■ What you should do ■
Starting at the line that contains "a dining room", output each line exactly as written through the end of the listing below, but leave out the pictures.

■ Stored data ■
= Beginning of Section =
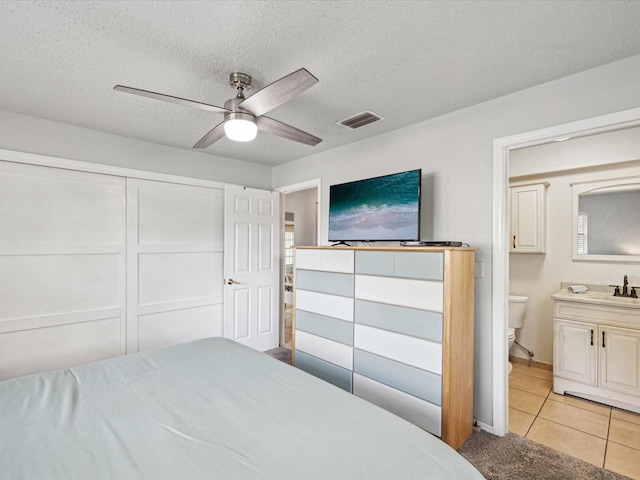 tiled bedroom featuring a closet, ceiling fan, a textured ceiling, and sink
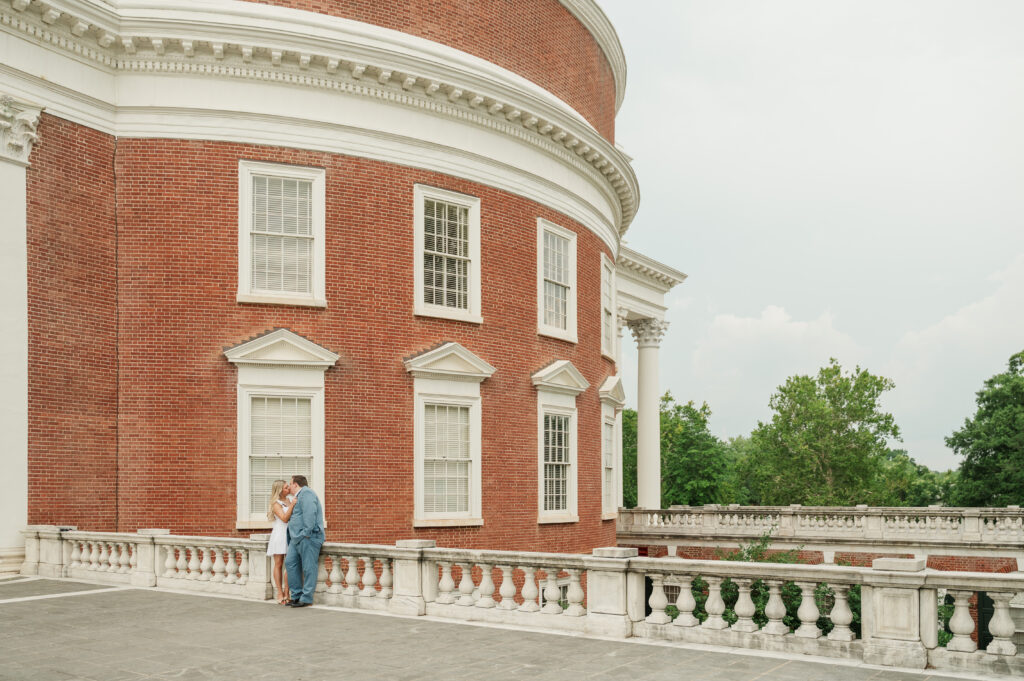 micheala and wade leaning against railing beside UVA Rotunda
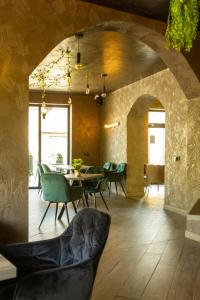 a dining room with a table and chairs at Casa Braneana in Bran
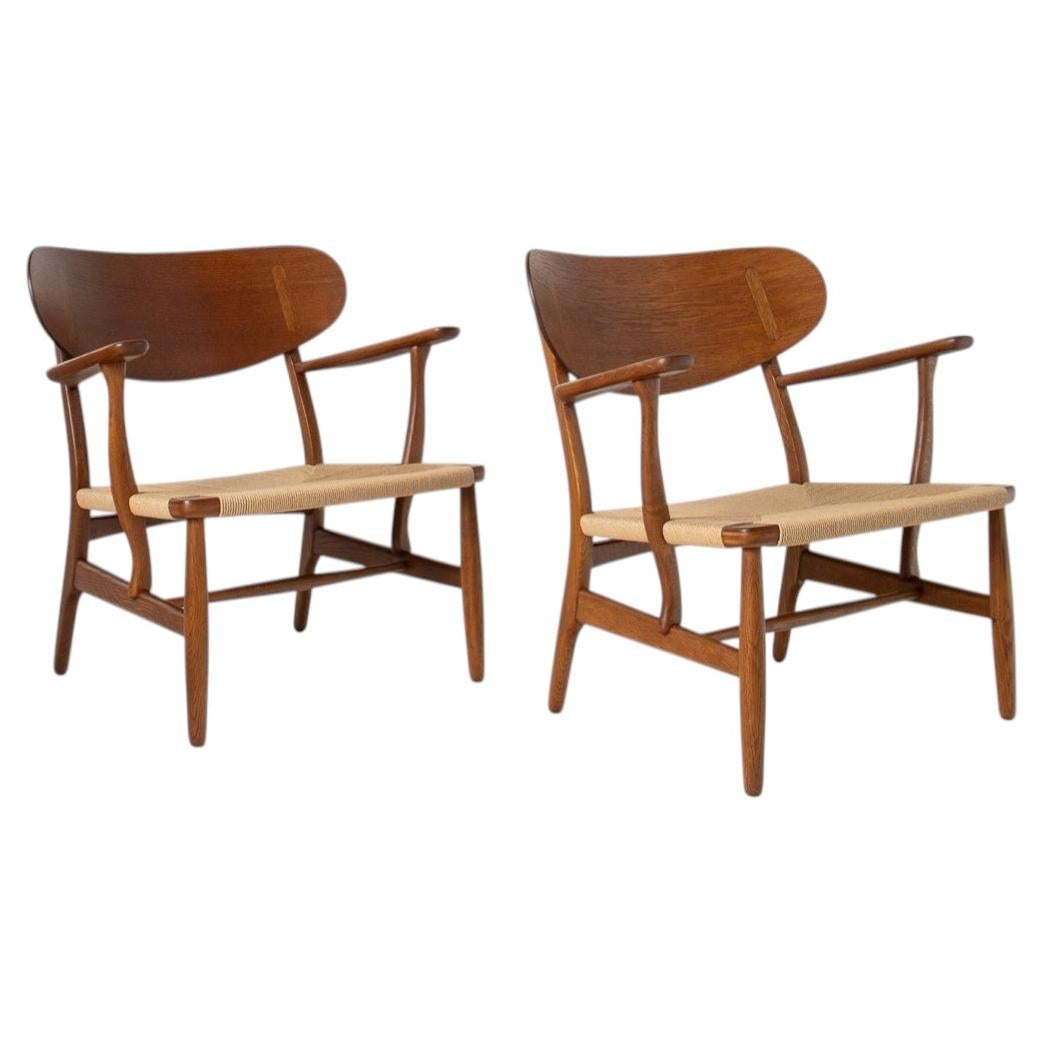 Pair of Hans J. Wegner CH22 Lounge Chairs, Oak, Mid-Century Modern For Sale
= End of Section =
■ Answer to this exercise ■
 a dining room with a table and chairs at Casa Braneana in Bran
 Pair of Hans J. Wegner CH22 Lounge Chairs, Oak, Mid-Century Modern For Sale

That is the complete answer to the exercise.